→ **Records for this task**
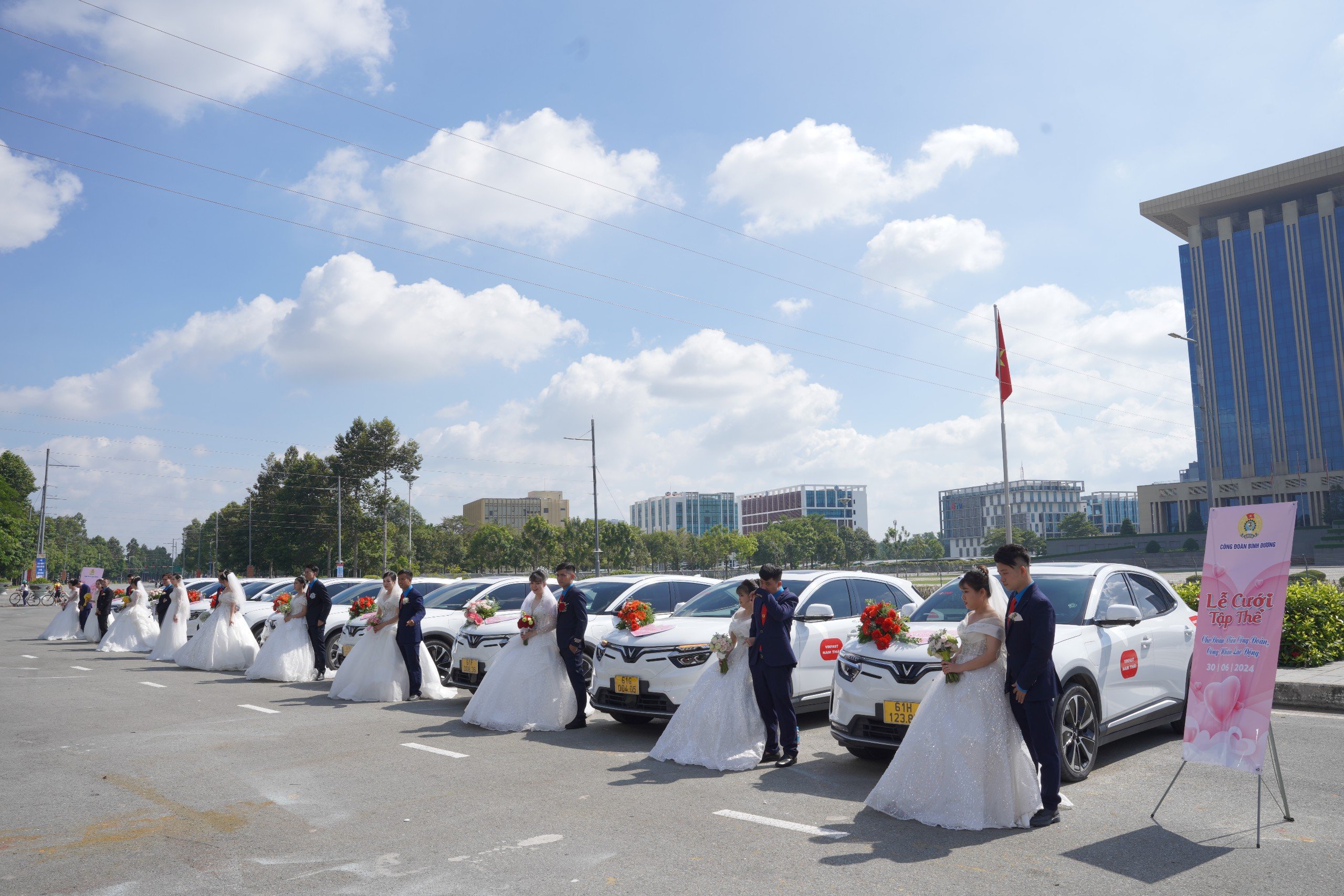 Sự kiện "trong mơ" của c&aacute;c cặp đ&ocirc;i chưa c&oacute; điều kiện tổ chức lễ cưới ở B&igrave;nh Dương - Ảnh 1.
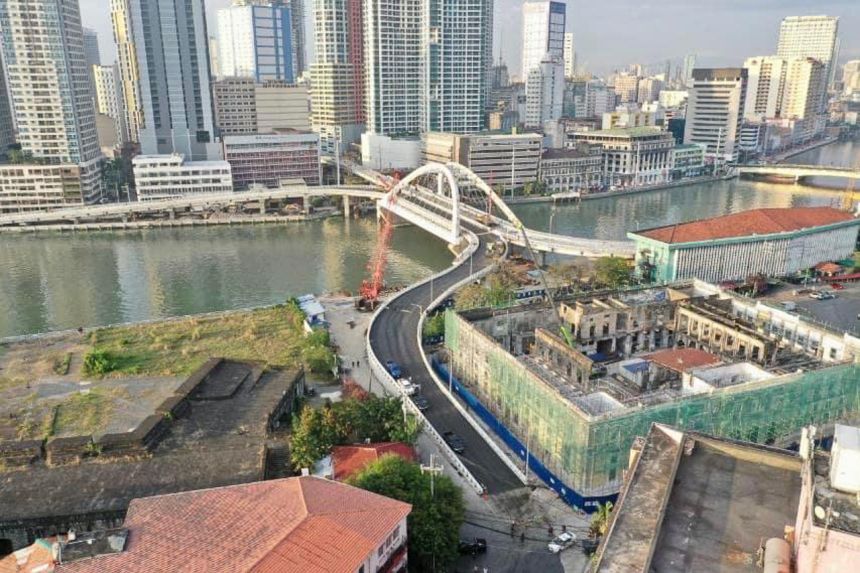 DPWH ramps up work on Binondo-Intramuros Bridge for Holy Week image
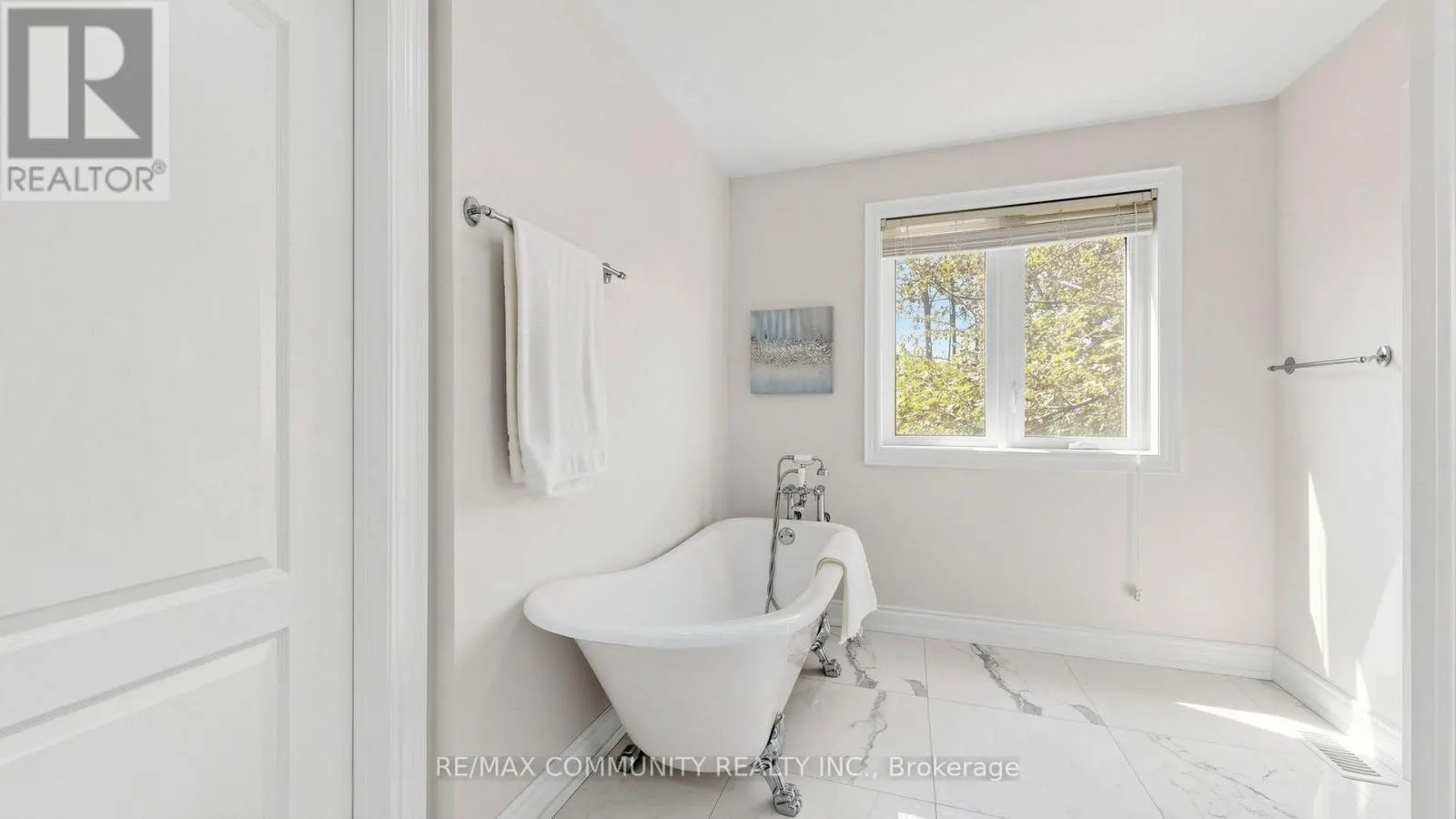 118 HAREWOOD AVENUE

...

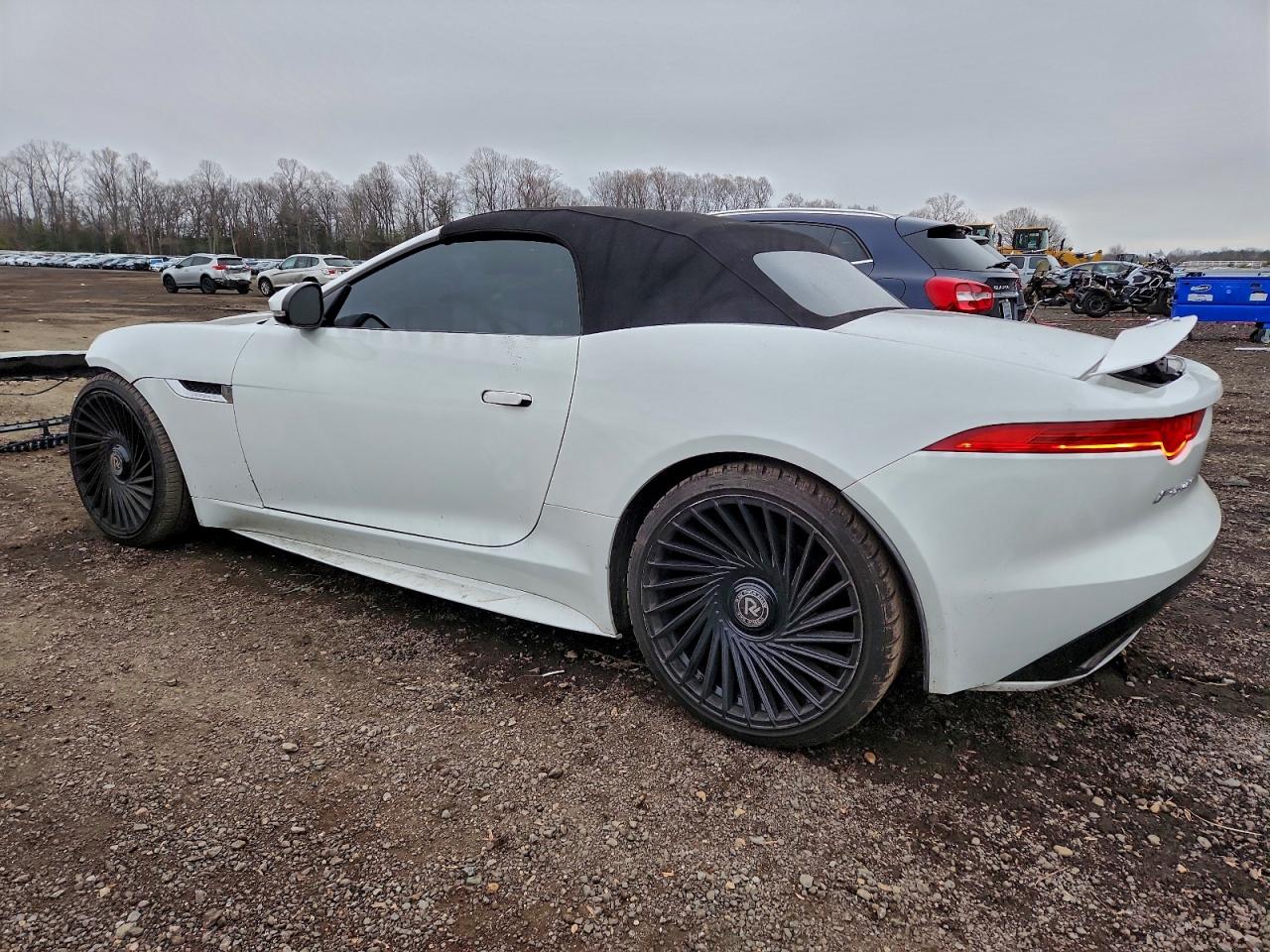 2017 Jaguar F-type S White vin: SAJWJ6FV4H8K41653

→ **Task brief**
Transcribe, word for word, the stretch of lines in the data above from the one with "Dương - Ảnh 1." through the one with "118 HAREWOOD AVENUE"; omit all pictures.

→ **Task result**
 Sự kiện "trong mơ" của c&aacute;c cặp đ&ocirc;i chưa c&oacute; điều kiện tổ chức lễ cưới ở B&igrave;nh Dương - Ảnh 1.
 DPWH ramps up work on Binondo-Intramuros Bridge for Holy Week image
 118 HAREWOOD AVENUE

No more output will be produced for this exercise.